This offering is for THE NEW YORK EDITION of THE NOVELS AND TALES OF HENRY JAMES (1843-1916) Published in 26 volumes in New York by Charles Scribner's Sons. It is strictly limited to 156 numbered sets, this being No. 37, with each of the 156 sets containing an original manuscript item in James' hand tipped into the front of the first volume of each set. Volumes I - XXIV were published between 1907 and 1909, all 24 volumes (18 titles) containing significant new and inciteful Prefaces written for these titles by the author along with the author's Revisions of the texts. These are followed by Volumes XXV containing THE IVORY TOWER, and XXVI containing THE SENSE OF THE PAST which were published posthumously in 1917 and are often lacking from the sets. That said, please keep in mind that sometime in the last 100+ years Volumes X (10) containing THE SPOILS OF POYNTON. A LONDON LIFE. THE CHAPERON, and XV (15) containing THE LESSON OF THE MASTER. THE DEATH OF THE LION. THE NEXT TIME and OTHER TALES wandered away from their companions and unfortunately never returned to the fold.
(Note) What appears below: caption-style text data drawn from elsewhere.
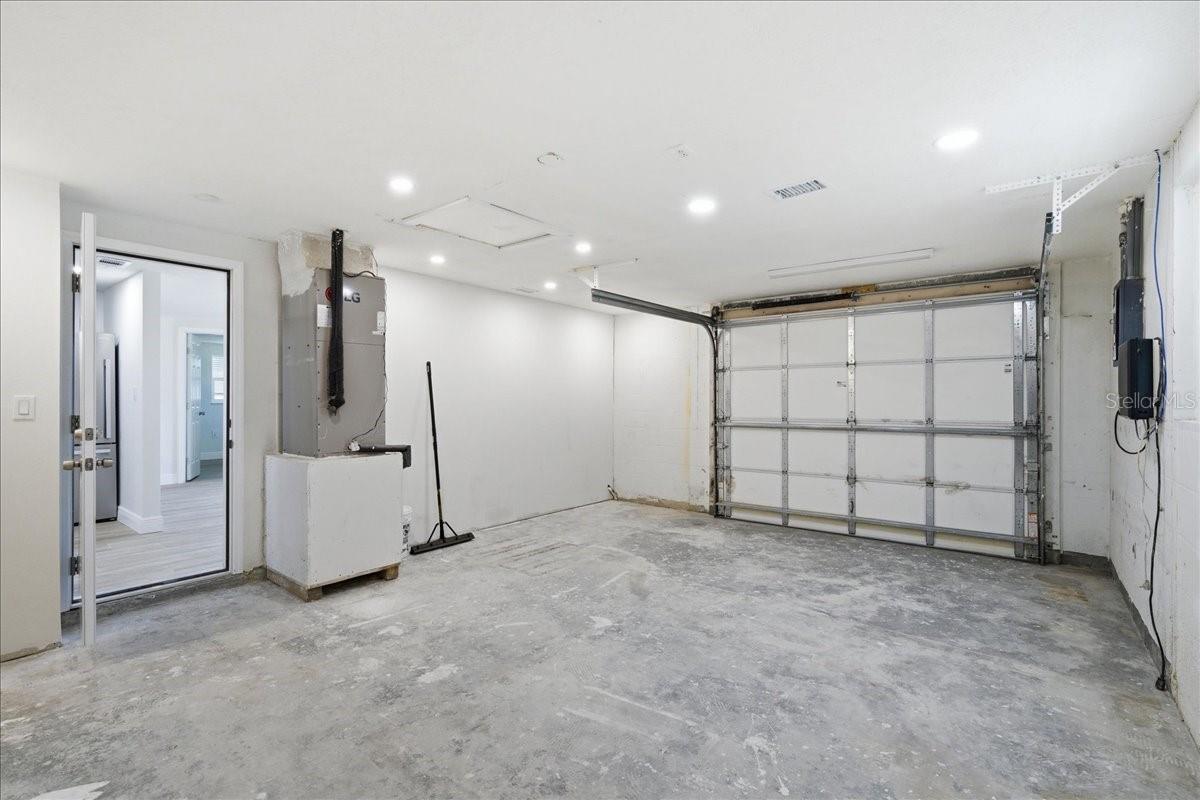 13902 Barnard Ave Property Photo 14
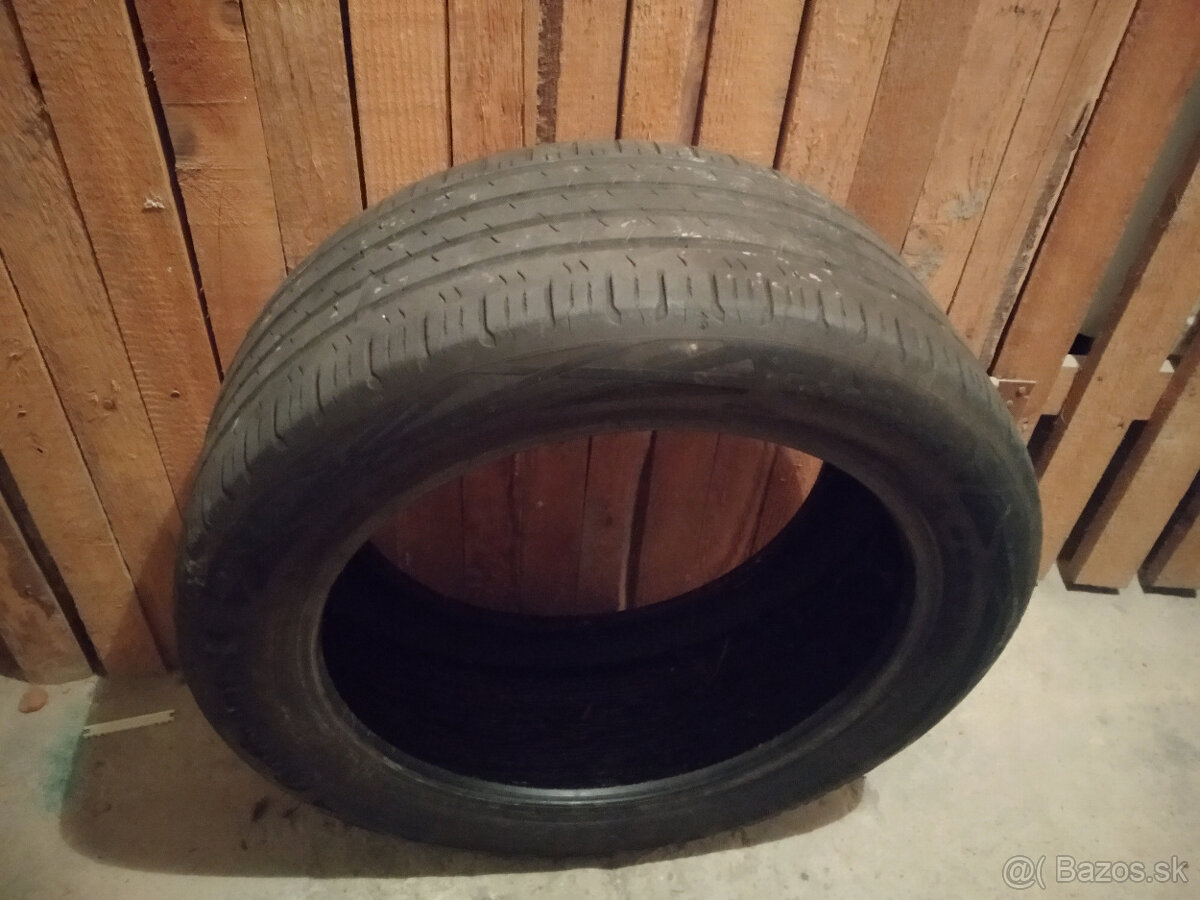 245/45 R18 continental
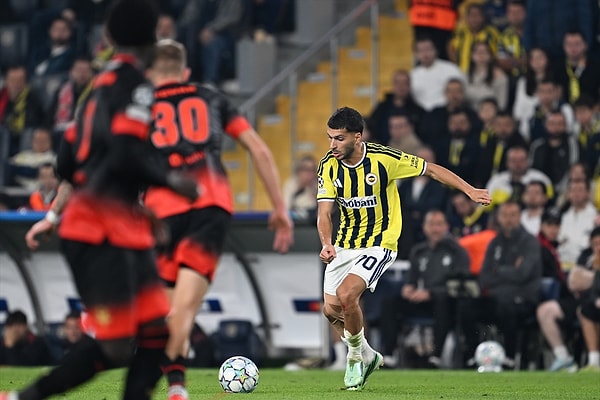 UEFA Şampiyonlar Ligi'nin üçüncü haftasında Çekya'nın Slavia Prag takımını konuk eden Fenerbahçe'de teknik direktör İsmail Kartal, Trendyol Süper Lig'de son oynadıkları Corendon Alanyaspor maçının ilk 11'ine göre kadrosunda 3 değişiklik yaptı.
These last two titles were published simultaneously with the First Trade Editions. The Remaining 24 volumes herein are octavos measuring 6" x 9.5" uniformly bound in 1/4 white linen cloth with brown laid paper-covered boards and outside corners protected in like white linen, and with brown leather spine labels titled in gilt. Title pages are printed in red and black with a central monogram in brown and white and each with a facing frontispiece photograph by the renowned photogravure Alvin Langdon Coburn** printed in gravure and each having a protective letterpress tissue-guard. The books are printed on very supple Ruisdale hand-made laid paper with all 3 edges untrimmed and varying significantly in thickness, depending on the title. All but one of the volumes has an unused personal bookplate mounted on the front pastedown, Vol. VIII having the engraved bookplate of Reuben Jay Flick (See below) who was likely the original purchaser of the set and like the others,Vol. IV has a blank bookplate, but only tipped in along the upper margin allowing one to view the Flick bookplate beneath. Refs: BAL 10665; Edel & Laurence A64B

The Following are excerpts from the Britannica minibiography of James: 

Henry James (born April 15, 1843, New York, New York, U.S.—died February 28, 1916, London, England) American novelist and, as a naturalized English citizen from 1915, a great figure in the transatlantic culture. His fundamental theme was the innocence and exuberance of the New World in clash with the corruption and wisdom of the Old, as illustrated in such works as Daisy Miller (1879), The Portrait of a Lady (1881), The Bostonians (1886), and The Ambassadors (1903).

By his mid-20s James was regarded as one of the most skillful writers of short stories in America. Critics, however, deplored his tendency to write of the life of the mind, rather than of action. The stories of these early years show the leisurely existence of the well-to-do at Newport and Saratoga. James’s apprenticeship was thorough. He wrote stories, reviews, and articles for almost a decade before he attempted a full-length novel. There had to be also the traditional “grand tour,” and James went abroad for his first adult encounter with Europe in 1869. His year’s wandering in England, France, and Italy set the stage for a lifetime of travel in those countries. James never married. By nature he was friendly and even gregarious, but, while he was an active observer and participant in society, he tended, until late middle age, to be “distant” in his relations with people and was careful to avoid “involvement.”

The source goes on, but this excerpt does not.